As the repairmen began packing up their tools, a 1999 coin fell from the bottom of the old mailbox as it was being loaded onto the truck. Zhong Hua picked it up and noticed that the pattern of the national emblem and wheat ears on the reverse side matched an aerial photograph of the wheat fields in his hometown. The number of serrations on the coin's edge also corresponded to the number of provinces they had traveled through. When sunlight shone through the coin, its shadow fell onto the postcard, perfectly filling in the missing wave crest in the painting of the sea—that curve was the spiral at the very top of the conch shell on Weizhou Island, and also the angle of the sycamore leaves outside the delivery room window when Zhong Hua was born.

“Let’s go back.” Ayu carefully placed the postcard into the inner pocket of her jacket, her fingertips touching the hard object at the bottom—an ice-blue pebble she had picked up in Yubeng Village, now resonating with the waves depicted on the postcard through the fabric.
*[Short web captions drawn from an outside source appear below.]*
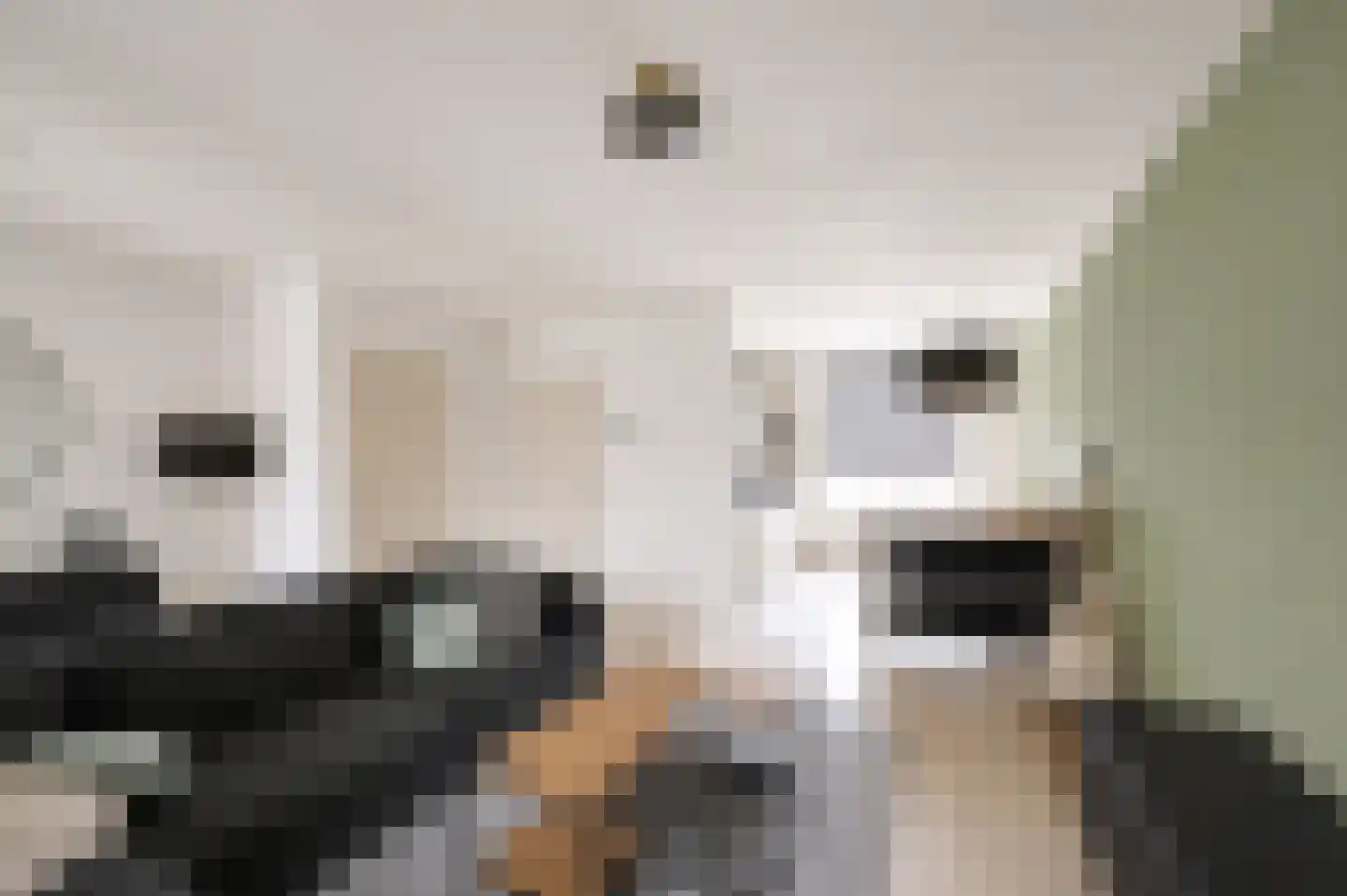 Klaproos 50 Udenhout thumbnail 8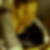 Profilbild von Birgit Stroppel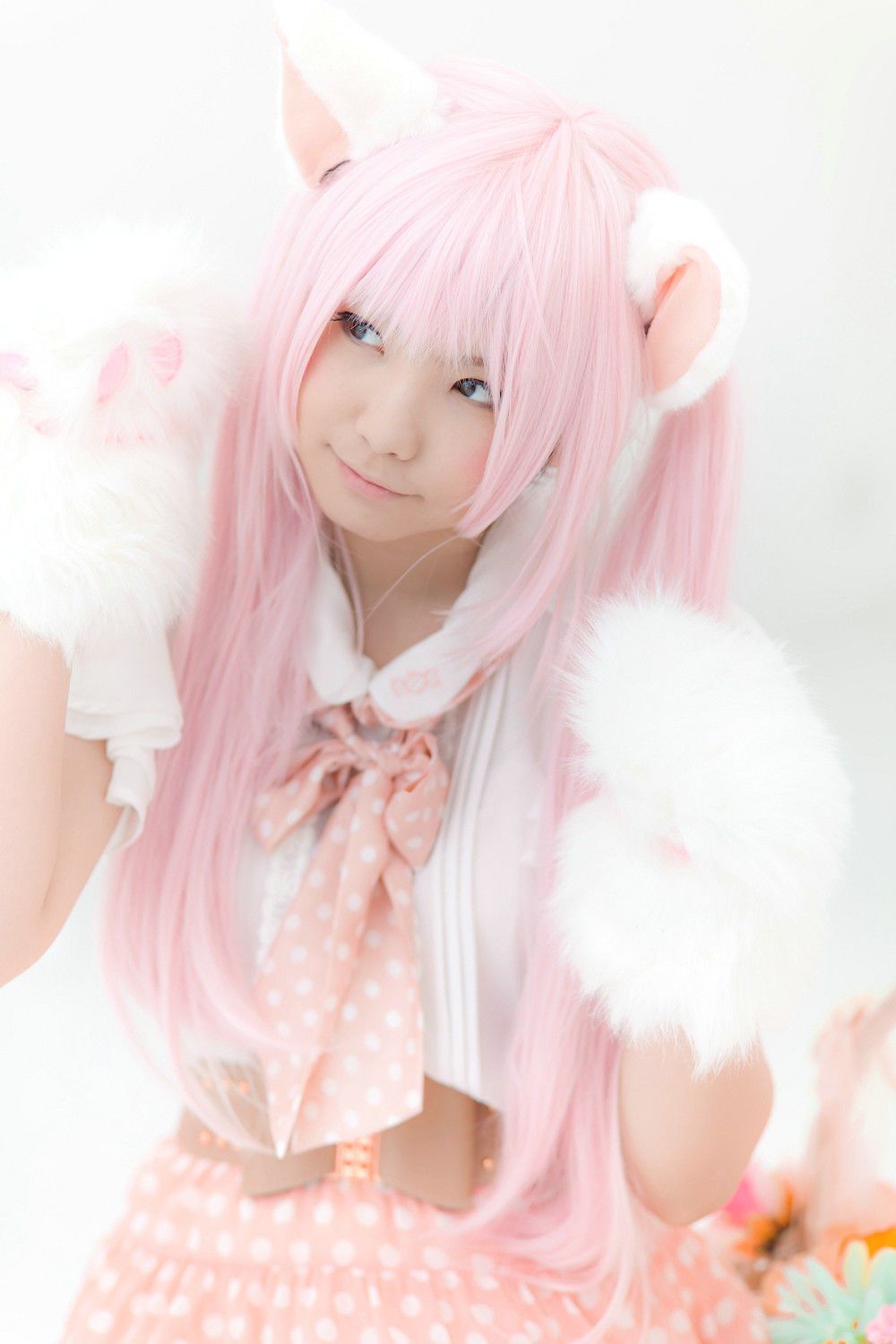 Enako(えなこ) [Enacat] Necomimi (ネコ耳)(White)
Zhong Hua nodded, casually putting the glass marble back into his bag, only to find that the wave pattern embroidered on the bottom of the bag had somehow changed to the same one on the postcard, the crests of the waves even holding the silvery glow of the Namtso starry sky.

As they walked out of the demolition site, the setting sun was painting the glass curtain wall of the newly built subway station orange-red. Ayu looked back and saw the green outline of the old mailbox gradually shrinking in the back of the truck, but suddenly realized that the curvature of the mailbox top was exactly the same as the shape of the Weizhou Island volcano crater, and the shadow of the iron fence of the mailbox opening was drawing the contour lines of Yubeng Waterfall on the ground.

Zhong Hua's phone suddenly vibrated. It was a photo sent by her mother: the old wooden box in the storage room had been opened at some point. On the faded letter paper, next to the peony pattern embroidered by her mother, lay a postcard from 1999—sent to "No. 7 Moon Street". In the street scene sketch on the back, a girl in a school uniform turned around and looked back. Her profile was exactly the same as A Yu's when she was young. And in the puddle at her feet, what was reflected was not a sycamore leaf, but the entire Milky Way of Namtso Lake.

At that moment, the postcard in Ayu's pocket suddenly became hot, and the contour lines of the sacred waterfall formed by the perforations of the stamps were glowing. The coin in Zhonghua's palm also felt warm—that temperature was just like the warm current surging under the ice of Namtso Lake when they watched the sunrise. It was connecting the torrential rain of 1999, the tides of Weizhou Island, the icefall of Yubeng Village, and all the unsent thoughts into a secret route in time and space, with the frequency of a heartbeat.